Em ciências sociais, não há quilos ou metros, apenas comparações. Os números
não têm qualquer significado em si. No
limite, a estatística não diz que uma escola é boa, apenas que é melhor que outra com menor pontuação. Portanto, ser
contra o “ranqueamento” é ser contra o uso das estatísticas de avaliação, pois
estas só adquirem sentido quando comparadas. Naturalmente, podemos discordar
quanto ao grau de transparência adotado: publicado no jornal ou somente a
escola sabe a sua nota? Mas sem comparar, não sai nada de interessante.
2. “52,98%
dos alunos ficam abaixo da média”. Esta manchete, em um dos melhores
jornais do país, prefacia um tom acusatório. Mas é uma tolice sem tamanho. A
média é um número cuja fórmula de cálculo permite encontrar o meio da
distribuição. Portanto, próximo da metade das escolas obrigatoriamente estará
abaixo da média. E isso será sempre verdade, qualquer que seja a distribuição. Se tomarmos a média das dez melhores escolas
do ENEM, cinco estarão abaixo dela.
3. “Que
horror, os alunos só acertaram metade das questões”. Quando uma prova é
construída, manda a técnica, é preciso adicionar perguntas difíceis, para
separar os sabidos dos muito sabidos. A maioria não vai acertar, pois foram
pensadas apenas para os mais preparados. Em uma prova formulada refletindo
esses critérios, próximo da metade das perguntas serão acertadas. Tecnicamente,
é uma prova bem feita, sob medida para a sua clientela. Mas sendo construída
assim, a proporção de acertos nada diz
sobre a suficiência ou insuficiência do aprendizado dos alunos. Resulta de uma
tecnicalidade requerida para dar precisão aos resultados, na cauda da
distribuição. As autoridades ou o consenso podem convergir para essa ou aquela proporção
de acertos, como caracterizando um mínimo aceitável de desempenho. Mas esse é
apenas um julgamento postiço e subjetivo, não é intrínseco à prova (como é o
caso do exame da OAB que define um limiar de acertos para a aprovação).
4. “O
São Bento tem 761 pontos, portanto é melhor do que o Santo Antônio, com apenas 740”. Tecnicamente, é verdade. Mas essa diferença entre
o primeiro colocado e o quinto é tão pequena que torna-se perfeitamente irrelevante. Se fossem
100 perguntas, seriam duas a mais respondidas certo. A margem de erro em um
teste desse tipo é muito maior. No último ENEM, com a redação valendo metade da
pontuação total, aumenta a faixa de ruído, pois as correções dos textos são
subjetivas e mais imprecisas. Diferenças pequenas são convenientes para o
marketing de colégios que ultrapassaram seus concorrentes, nada mais. Em
contraste, grandes vantagens na pontuação refletem um nível de aprendizado
superior, com certeza absoluta.
5. “O
ENEM prova, o colégio A é pior do que o B”.

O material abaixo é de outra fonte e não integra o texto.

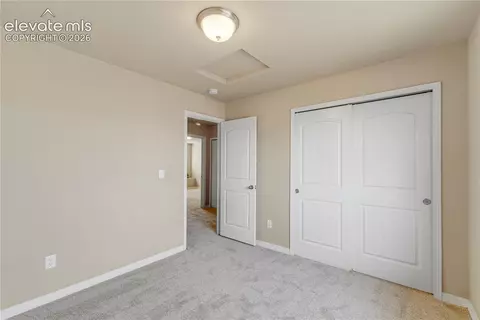 11763 Sedge Ct, Peyton, CO 80831 photo 11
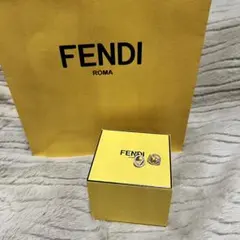 うき　様専用ページ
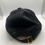 Thumbnail: Celine  Baseball Cap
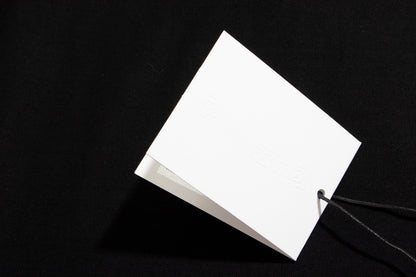 Chrome Hearts New SWEATSHIRTS 8008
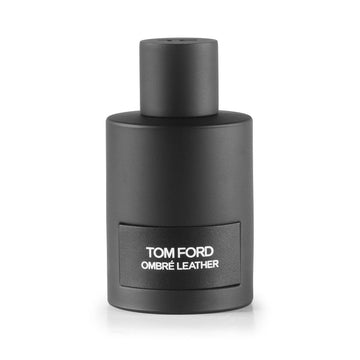 Ombre Leather Cologne Featured image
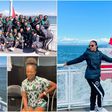 The Super Falcons of Nigeria are set for a rematch against Canada in Victoria City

Suponha-se que A é um colégio excelente e que todos os alunos fazem o
ENEM. O colégio B é medíocre e somente os melhores 10% se animam a fazer a
prova. É bem provável que A teria mais pontos do que B se apenas forem
considerados os seus melhores 10%. Ou, se todos do colégio B tivessem que fazer
a prova. Isso porque, a presença dos alunos mais fracos puxa a média para
baixo. Ou seja, as comparações entre colégios apenas são válidas quando a
proporção que faz o teste é parecida.